Si tu passes la rivière / Geneviève Damas. Hamac, 2013. 151 pages.

 

«Si tu passes la rivière, si tu passes la rivière, a dit le père, tu ne remettras plus les pieds dans cette maison». C’est ainsi que commence la poignante histoire de François, jeune paysan naïf et ultra sensible en quête de vérité et de liberté. Prisonnier de son milieu familial rigide et fermé, il passe le plus clair de son temps à garder les cochons auxquels il parle et se confie. Avec ce premier roman, Geneviève Damas dépeint d’une manière très juste un univers rempli d’humanité, de compassion et de silences.

Comment parler de ce court roman si simple soit-il mais si prenant ? Tout cela va vous sembler banal à l’image que certains auront sans doute de cette histoire, mais cette simplicité donne toute la force à ces pages.

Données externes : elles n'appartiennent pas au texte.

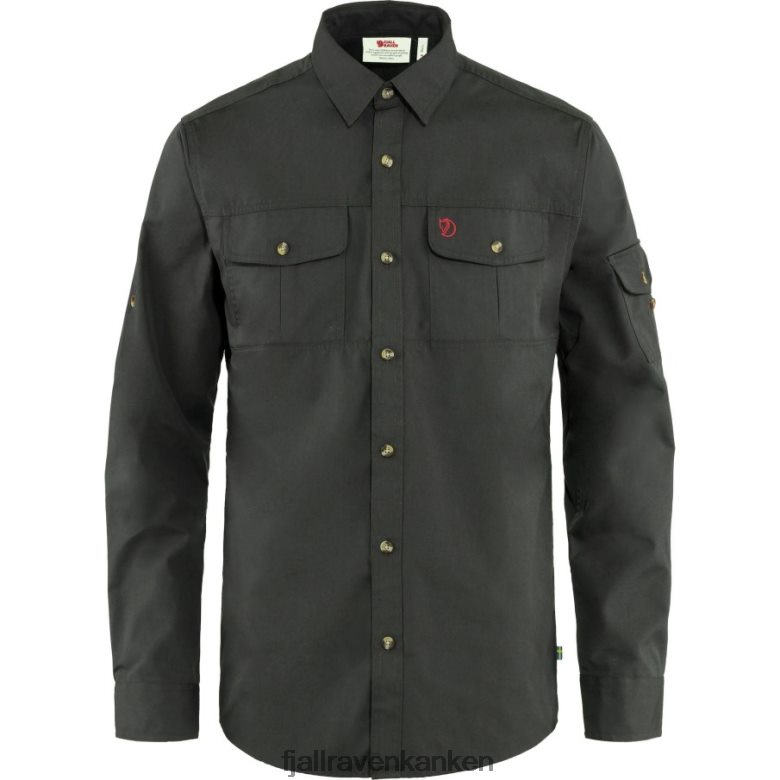 Fjallraven Kanken - Dark Grey Singi Trekking Shirt Ls M Fjällräven Outlets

Qui est François, cet enfant, me suis-je dit ? Qu’est-il advenu à sa mère, à sa soeur, mais également à Jean-Paul ? Qui est-il ? Des questions que je découvre dans les premières pages. Mais, François, si simple, n’est pas l’enfant que j’imaginais. Il a 17 ans. Et, ce sont les silences, l’isolement, et l’illettrisme qui en font aux yeux de tous, un idiot. Mais François n’est pas celui que l’on croit, même s’il est naïf et bien loin de voir le mal, là où les autres ne discernent que cela. Son but est de partager : des histoires, un peu d’amour maternel, de la gentillesse, des propos, même ceux du quotidien. Tout ce que son père et ses frères sont bien incapables de lui donner.

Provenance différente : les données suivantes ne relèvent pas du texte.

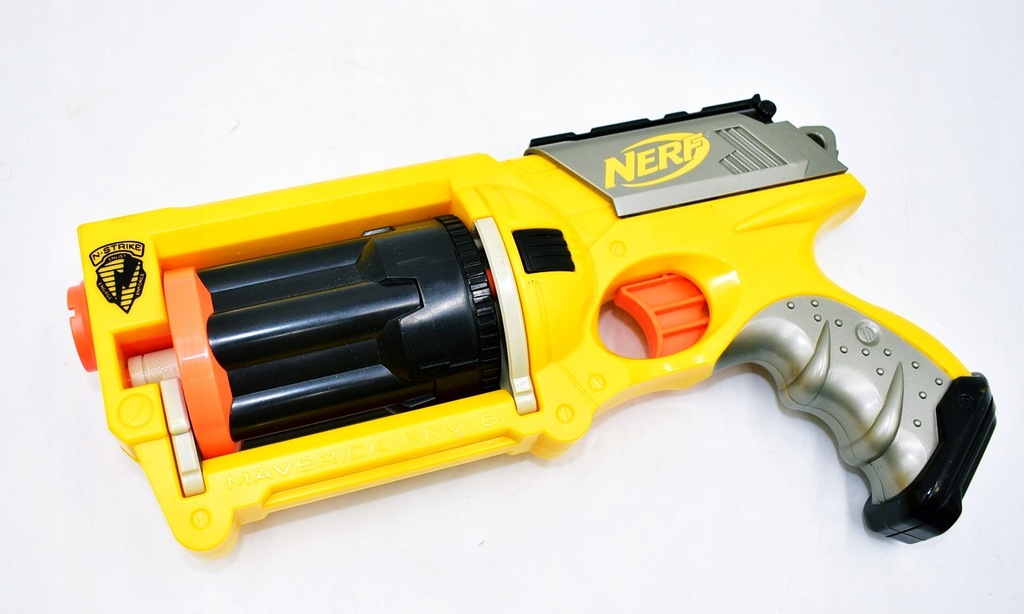 5216-36 NERF N-STRIKE.. KARABIN NA PIANKOWE NABOJE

Alors il les cherche auprès des cochons qu’il garde, dans les histoires qu’il échange avec la truie qu’il a choisi pour partager ses secrets. Car les truies, ses frères ne les tuent pas pour en faire du saucisson donc il est certain de ne pas perdre son interlocutrice (je vous le disais, il est bien loin de l’idiot que l’on voit en lui). Il lui raconte une histoire lue, elle lui raconte sa vie quotidienne, son combat de la vie ordinaire. Non, François n’est pas fou ! Ne fuyez pas, si étrange que cela vous paraisse. Il a juste besoin d’amis, d’une famille qui l’écoute et qui partage. Alors même si son frère lui a offert un accordéon qui l’accompagne, s’il va parfois au marché, s’il s’occupe de la maison et n’a pas peur de travailler, le temps file et ses besoins s’affirment. Il comprend que pour obtenir les réponses qu’il cherche, il doit savoir lire et vu l’âge qu’il a désormais le chemin de l’école lui est désormais quasi interdit. Il trouve une solution, des solutions, ce qui nous permet de le suivre dans ses rencontres, de sortir de la ferme. Sa résolution s’affirme et ses décisions d’aller de l’avant également. Même s’il ne comprend pas tout, le curé, Amélie, la vieille Lucie, puis les rencontres au marché lui ouvrent les portes d’un monde inconnu, de son monde.

Car en apprenant à lire, en rencontrant et en discutant avec les autres, François va s’émanciper. Et surtout, découvrir ses origines.

Comme je le disais, des mots simples, une vie simple, mais ce texte a chanté sous mes yeux et je l’ai lu avec une facilité et un bonheur conjugué.

Un très grand merci à Abeille qui m’a offert ce roman et me permet de découvrir les auteurs qu’elle aime.